The Twins
- Author: Tessa de Loo
- Original title: De Tweeling
- Translator: Ruth Levitt
- Language: Dutch
- Genre: Novel
- Publisher: Arcadia Books
- Publication date: 1993
- Publication place: Netherlands
- Published in English: August 2000
- Media type: Print (Hardback & Paperback)
- Pages: 304 p. (Eng trans. paperback edition)
- ISBN: 1-900850-32-X (Eng trans. paperback edition)
- OCLC: 59431301

= The Twins (De Loo novel) =

1993 novel by Tessa de Loo

The Twins (De Tweeling) is a 1993 novel by Tessa de Loo about the sisters Lotte and Anna, who are separated at the age of six when their father dies. Anna stayed in Germany, while Lotte went to the Netherlands. They reunite in 1990, and compare their experiences in World War II.

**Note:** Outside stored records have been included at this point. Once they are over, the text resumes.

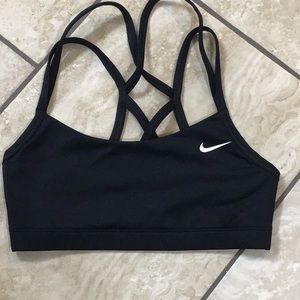 NWOT Nike sports bra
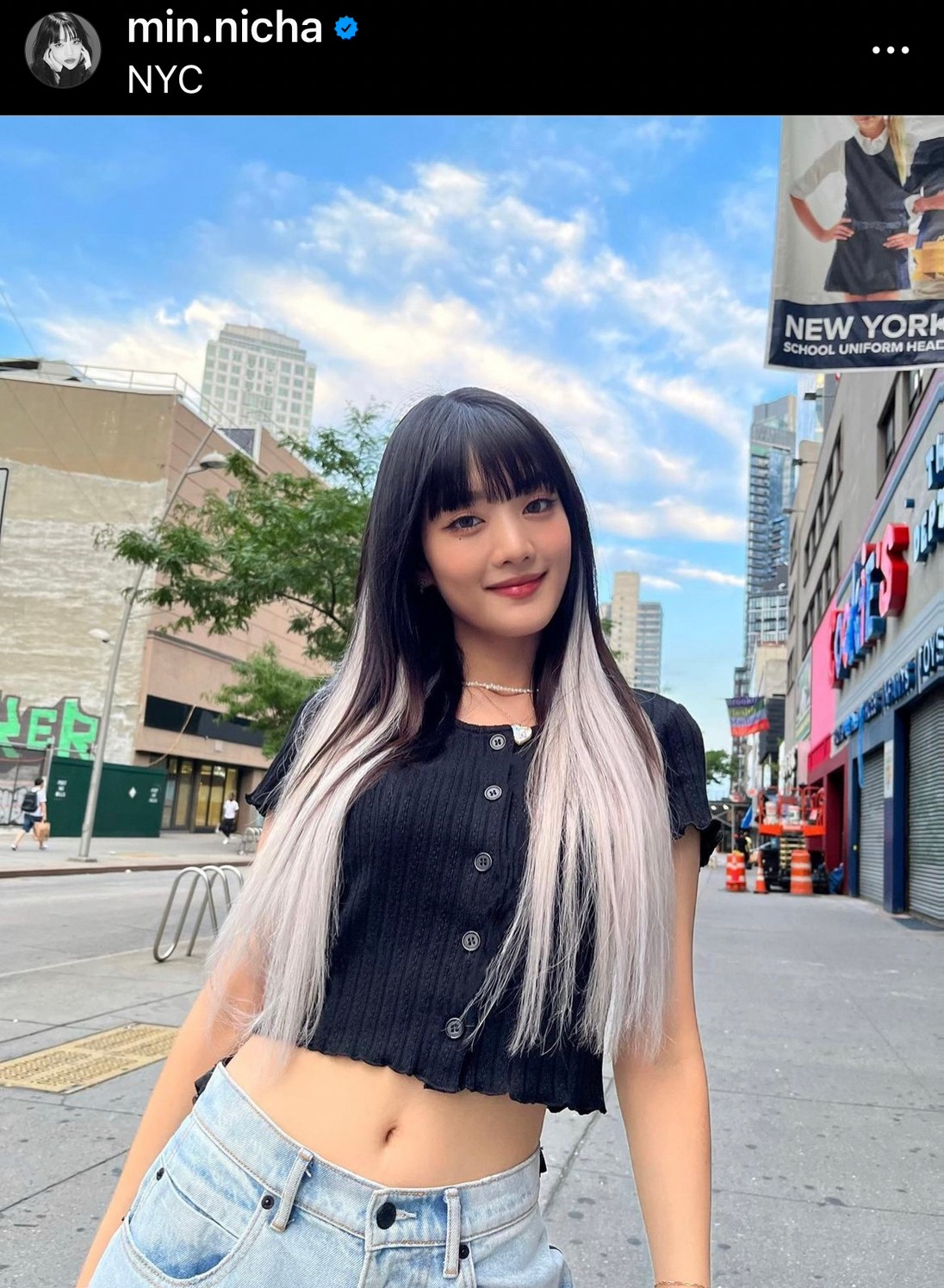  “มินนี่ (G)I-DLE” สวยละมุนในชุดไทยสีแดง ทำแฟนๆ แห่คอมเมนต์กันรัวๆ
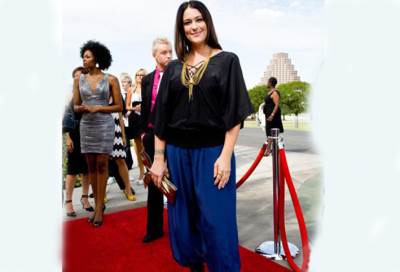 تعرفي على موضة البنطلون هذا الصيف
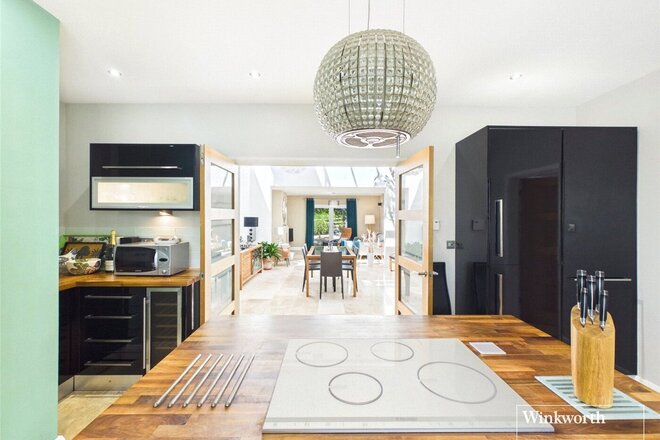 Newbury Road, Thatcham, RG19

The book was well received commercially, selling 130,000 copies within a year of release. It won the 1994 Publieksprijs voor het Nederlandse Boek award, though it received criticism for its simplicity and controversy over its presentation of German suffering during the war. de Loo later stated that she had used the book to show that "most Germans had suffered 'as much' from National Socialism as the Dutchmen had".

In 2002, the book was adapted to a film named Twin Sisters, which was nominated for an Oscar.

== Plot ==

In the autumn of 1990, 74-year-old Lotte Goudriaan spends several weeks in the spa town of Spa in the Belgian Ardennes. She has osteoarthritis and the treatment she is taking is intended to relieve her pain. On the third day, she meets a German woman of her age in the restroom of the Thermal Institute. She is also on a cure because of worn joints. The woman turns out to be from Cologne, which is also the city where Lotte was born. It soon becomes clear that the German, Anna Grosalie, is Lotte's twin sister. When they were six years old, their parents died shortly after each other. The family then decided that Anna would be raised with an uncle and an aunt in the German countryside, while Lotte would be placed with the family of a cousin of the father in the Netherlands. Due to bad relations within the family, but especially because of the war, the two sisters lost touch with each other. After their forced separation, they only met twice, the last time right after the war.